Well, thank you Carol for your nice words. We love our rescue work are so blessed to have the invaluable resources and volunteers to help so many Goldens in our area. We rescued over 100 in NE Fla last year. Truly a labor of love!
Following up with you on "Flynn". My husband picked him up from SJPC and just brought him by my work so I could see him. He appears to be Golden-Lab mix. Appears he's spent a lot of time outdoors or in someone's garage because his little front teeth and ground down and lower canines broken off. Didn't sense too much human bonding as he didn't seem to want to interact with people much.
He was adopted a few weeks ago, but peed in the house so they put him outside. Once there, he barked non-stop, so they returned him. And now we have him, and so his GREAT life begins!
Just wanted to let you know he's safe and sound. Thanks again for your emails, and please keep in touch.

Kathy

PS The two goldens coming from Alabama are on their way to Jacksonville and are just gorgeous. 

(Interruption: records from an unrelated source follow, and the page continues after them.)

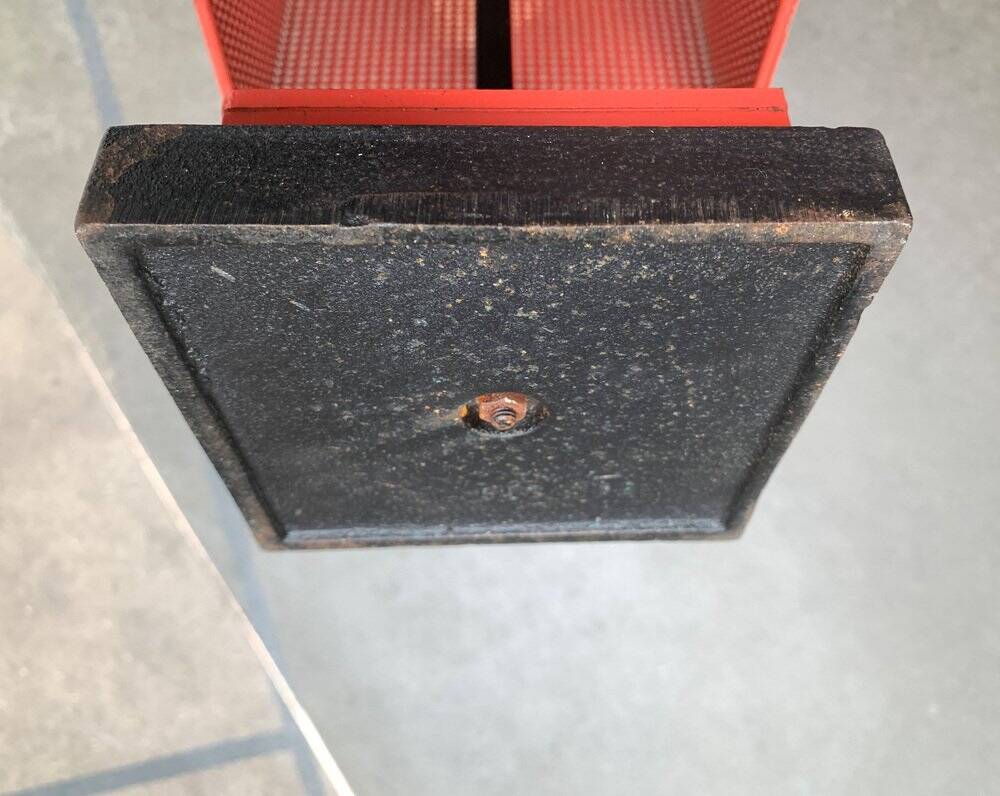 Minimalist perforated steel umbrella stand, 1960s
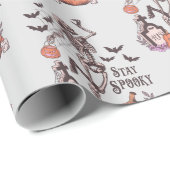 Bleibe Spooky Graveyard Skeleton Graues Halloween Geschenkpapier (Rolleneckpunkt)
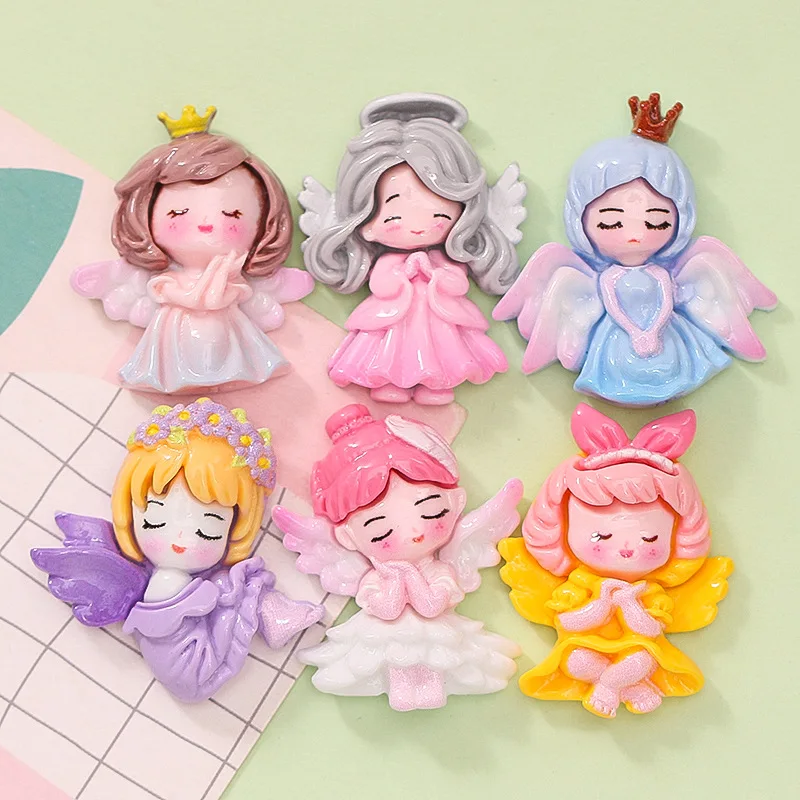 

100pcs Kawaii Cartoon Angel Wings Girl Resin Flatback Cabochon for Hair Bow Center Scrapbook DIY Decoration Accessories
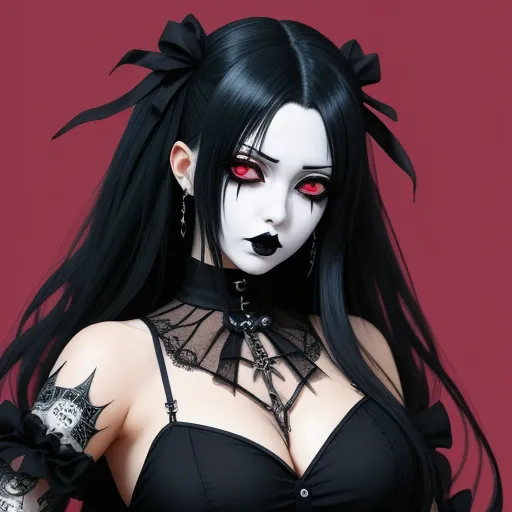 highest resolution image - a woman with black hair and red eyes wearing a black bra and black choker with laces and a black collar, by Terada Katsuya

So a happy ending for another golden.


----------



## AquaClaraCanines (Mar 5, 2006)

Thank you so much for doing this!! And for calling me to let me know what happened. It was great to talk to you again.


----------



## gold'nchocolate (May 31, 2005)

What a d**n shame to get a golden puppy and then stick the poor thing in a garage or other isolated place!!!! Sounds like he needs a little "one on one" time with a good foster parent.

Jenna...can I ask you who is the golden in your avatar? That's Kiera in your signature, right?


----------